2. Шоковое воздействие, приводящее опять-таки к переосмыс­лению мифа, осуществляется за счет акцентированного использо­вания и других вербальных средств, вступающих в семантический конфликт с предзнанием и семантико-стилистическим узусом реципиента. Таковы, например, окказионализмы, вводящие старый миф в новые и противоречащие прежним связи. Напри­мер: «Крепостные герои» — название документального ТВ-фильма Алексея Пивоварова о защитниках Брестской крепости. Название семантически и произносительно соположено прецедентному фе­номену Брестская крепость (прецедентная ситуация, инвариант восприятия которой (Красных, 2002: 72) у всех одинаков: оценоч­ное ядро мифа заключено в слове герой. Крепостной в российской концептосфере также занимает особое место: является символиче­ским обозначением несправедливости и бесправия человеческой личности вообще. Столкновение этих представлений привносит в семантическую структуру мифа новые компоненты: герои — объект восхищения, безмерного уважения; крепостные — модально-оце­ночное (Солганик, 1981: 56) слово, оно не только высказывает сочувствие воинам, но и косвенно выражает осуждение тех совет­ских руководителей, которые обрекли защитников крепости на страшную участь. Произошло расширение прежнего мифа, рань­ше — оценочно однонаправленного. Миф модифицировался в сто­рону большей объективности.

3. Такой же семантический конфликт создается, когда новей­шие, отмеченные «престижностью» на данном синхронном срезе оценки и характеристики применены по отношению к какому-либо лицу, событию из прошлого (при вторичной мифологизации). На­пример, эффективный менеджер — о Сталине (в СМИ и в Интер­нете 2009—2010 годов). Затем — о Берии — в программе Антона Хрекова «НТВшники» («Верните Берию!» — НТВ, 26.11.10). Не­ожиданность характеристики, ее явственно ощущаемая анахронич­ность производят шоковое воздействие и обновляют восприятие.

4. Приведенные выше примеры иллюстрируют тезис о том, что миф чаще строится с опорой на эмоции, а не на разум (Шейгал, 2004: 136).

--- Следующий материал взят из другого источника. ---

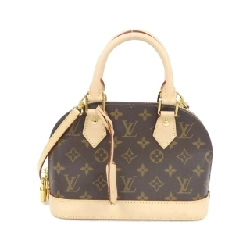 Túi xách Louis Vuitton Monogram Alma BB M46990 - Hàng hiệu Chính hãng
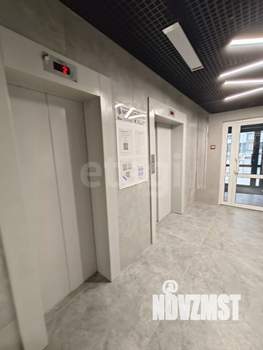 1-к квартира, сданный дом, 39м2, 9/12 этаж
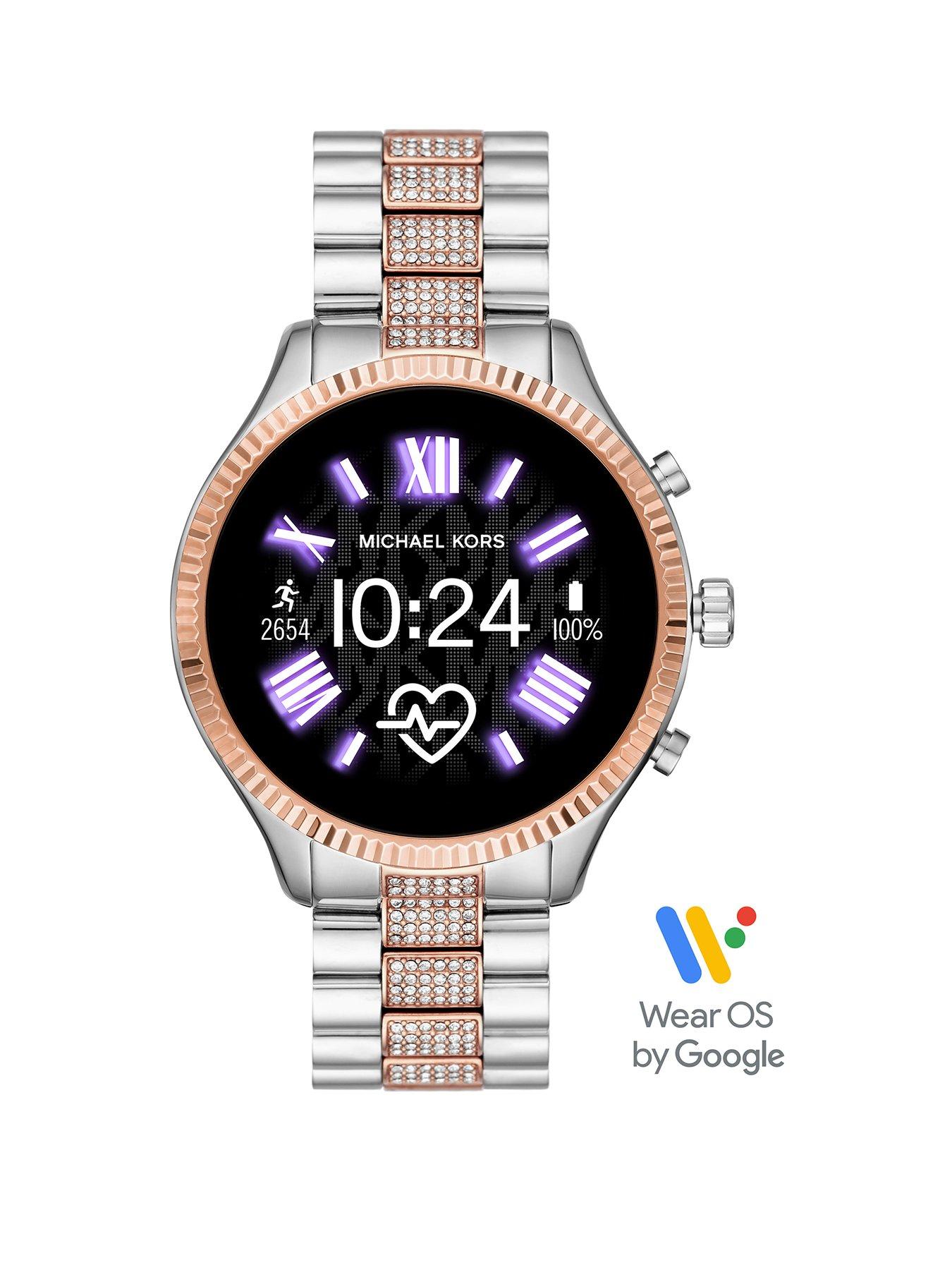 ladies designer smartwatch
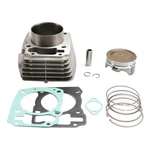 70MM Cylinder Jug Piston Top End Gaskets Kit For Honda 06-19. Fixed Price $75.52.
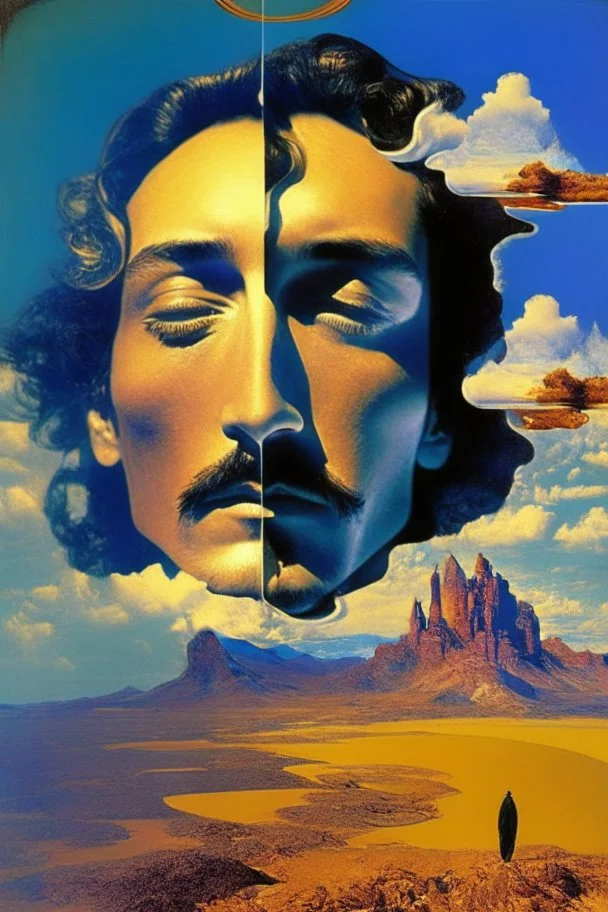 My Own Private Idaho; Salvador Dali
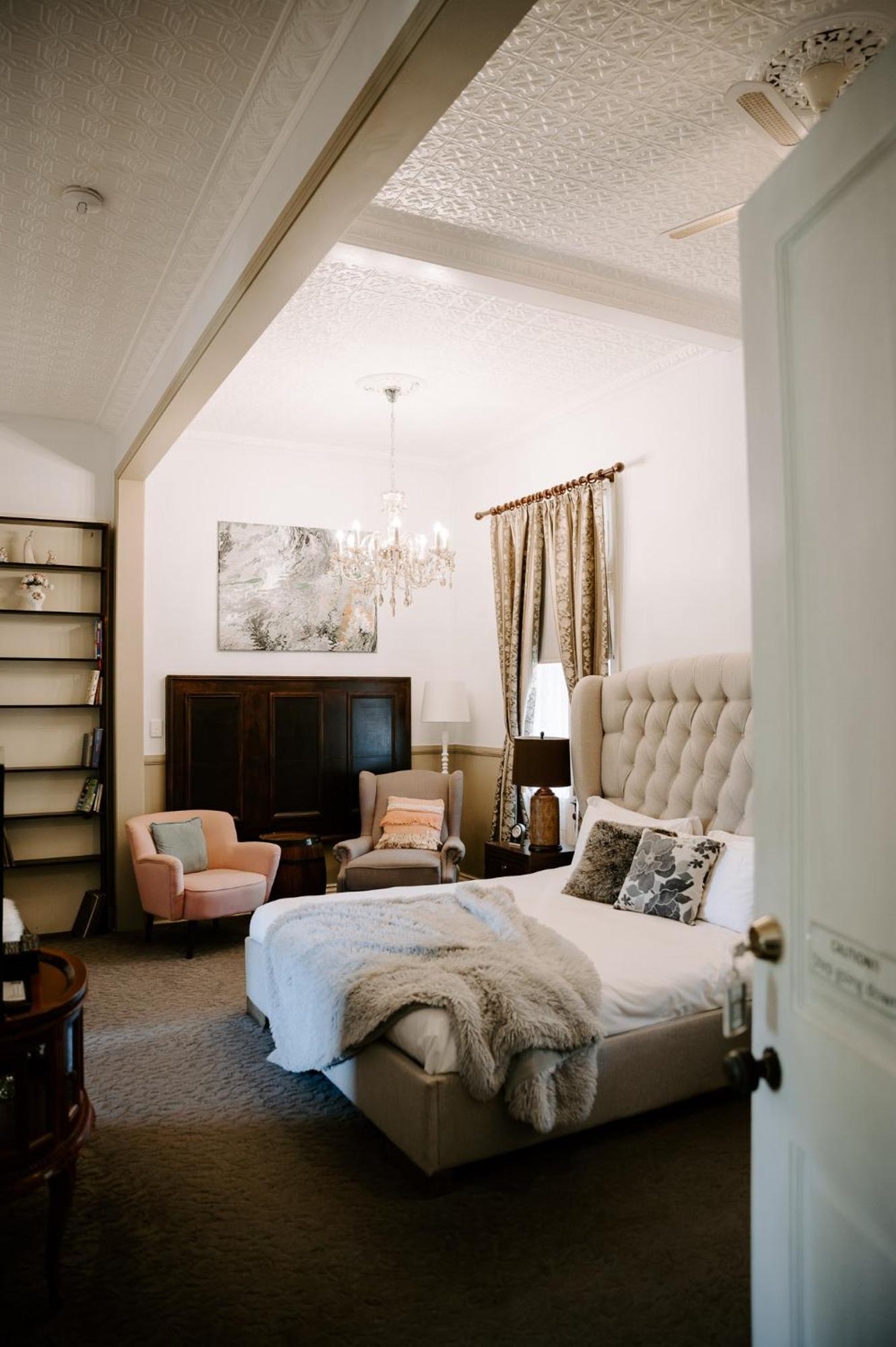 Abbey Boutique Hotel Adults Only Warwick Exteriér fotografie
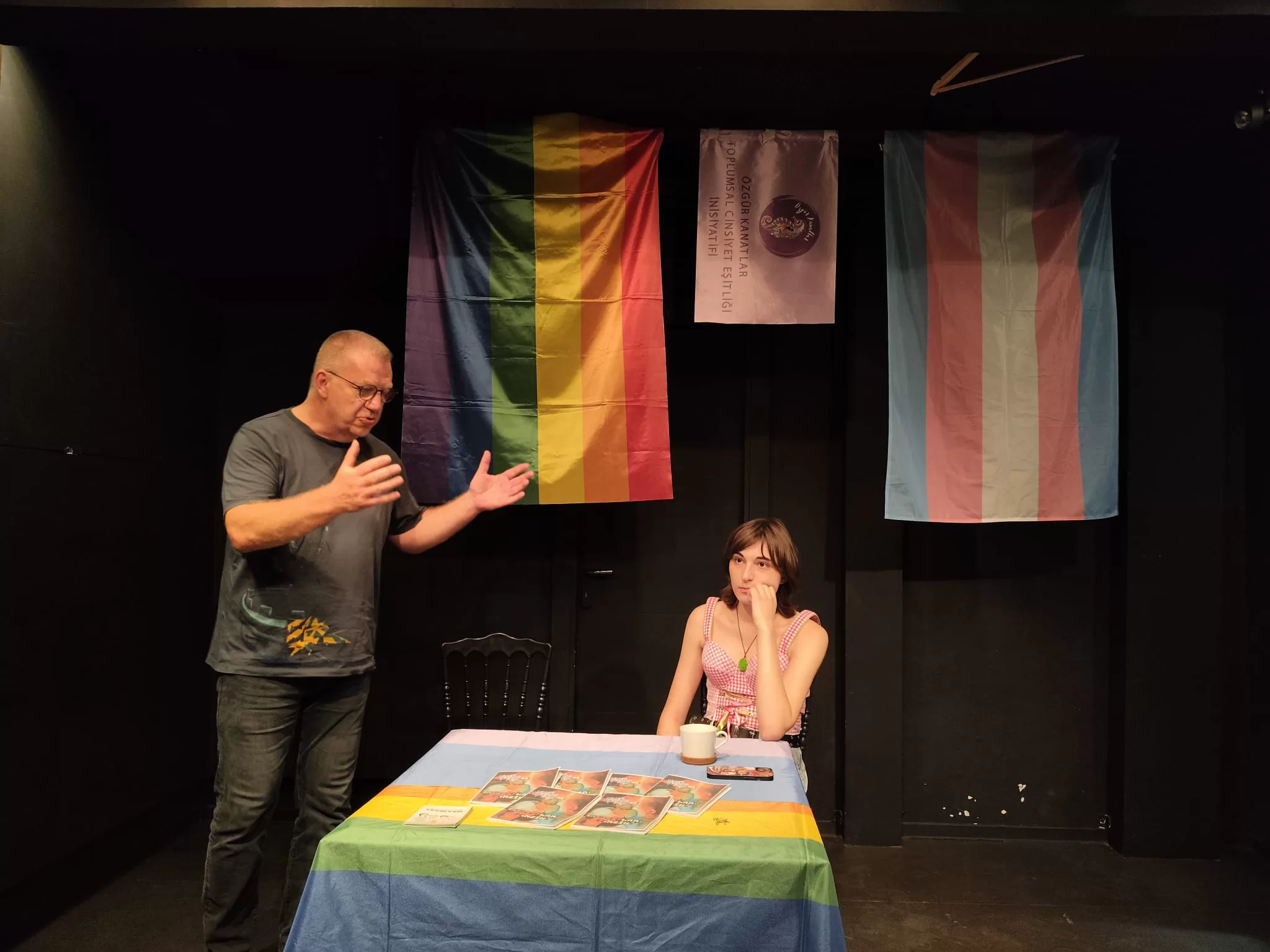 antalya 11. onur haftası etkinlikleri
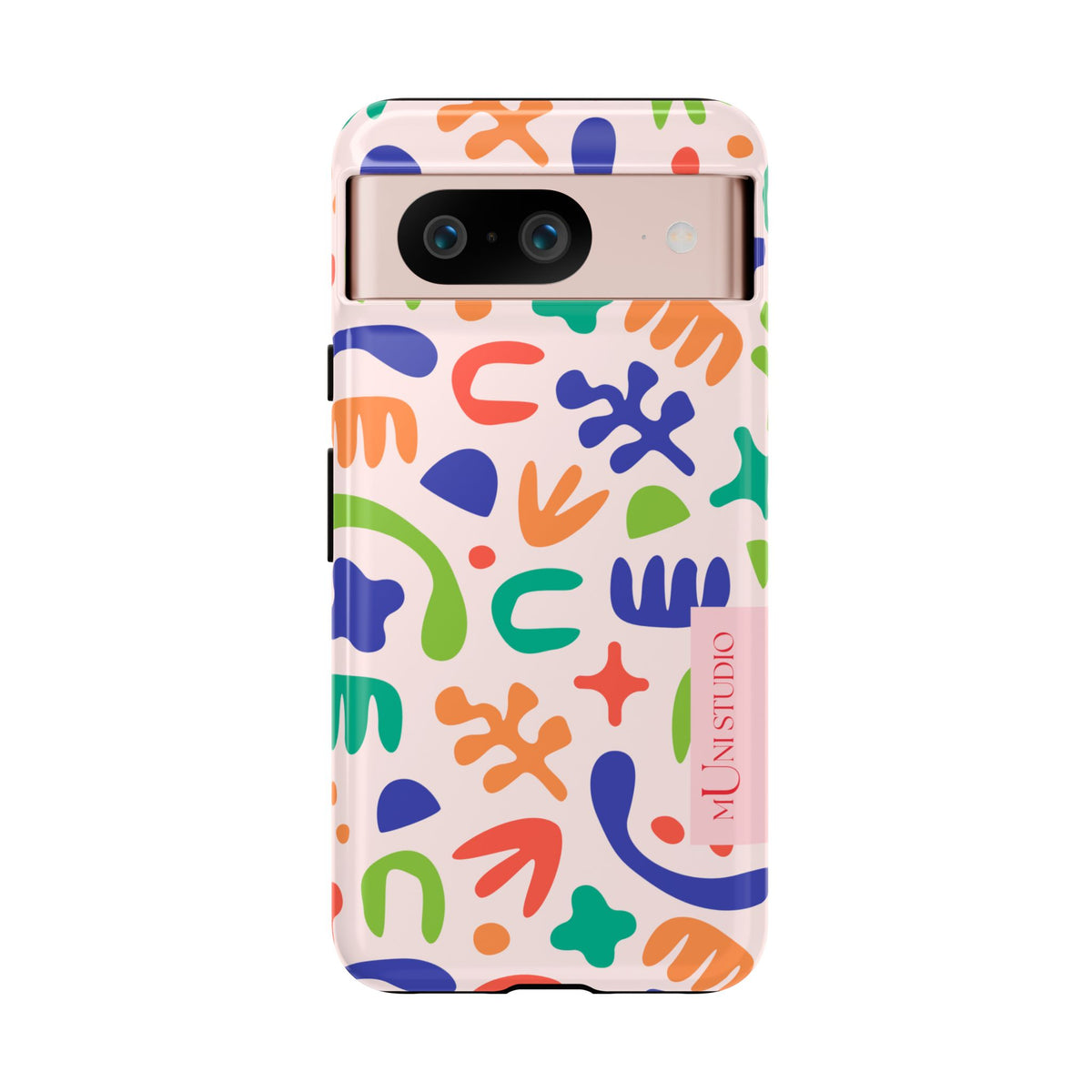YOGA, Tough Phone Case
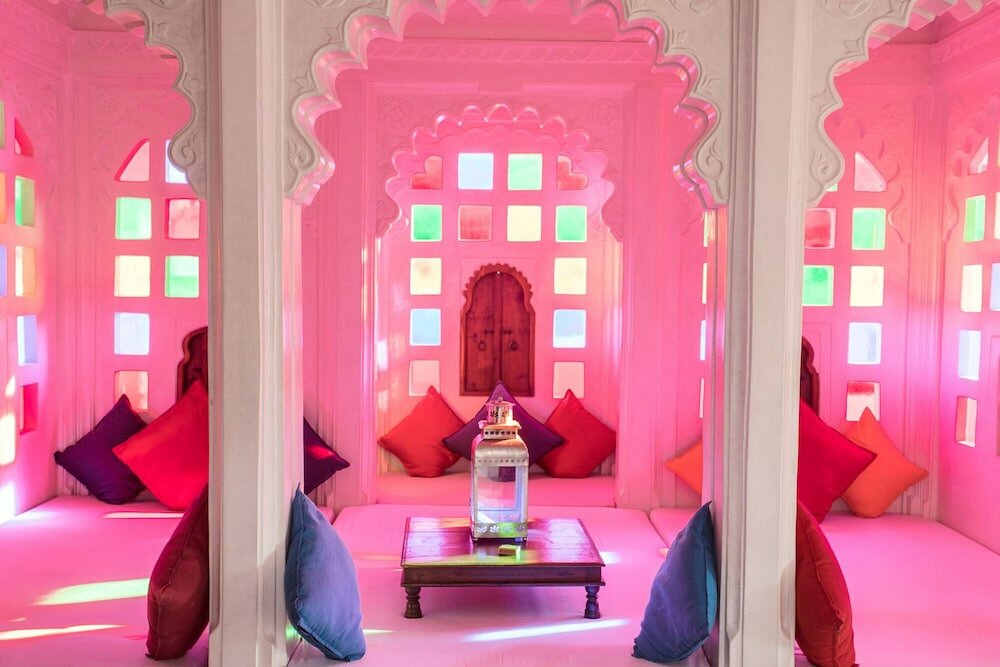 Фото Madri Haveli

Еще один способ — нагнетание эмоций — амплификация (приводит к суггестивности и автоматическому принятию мифа). Она осуществляется при насыщении текста:

а) словами, семантика которых вызывает однотипные эмоции;

б) словами, выражающими однотипные (в плане оценки) эмо­ции;

в) лексикой элятивной семантики.

С помощью приема амплификации организован, напри­мер, очерк А. Колесниченко «Тайны поместья Сталина»8, направ­ленный против попыток возродить миф о Сталине как о мудром и великом руководителе страны:

«57 лет назад Иосифа Сталина хватил удар. 5 марта вождь скон­чался — там же, на “Ближней даче”, в Подмосковье. Это было его логово, его любимый “домик с огородом” и второй, после крем­левского, рабочий кабинет. Здесь отец народов в узком кругу об­суждал и принимал решения, от которых зависела жизнь миллио­нов советских людей и судьбы мира.» и т.д.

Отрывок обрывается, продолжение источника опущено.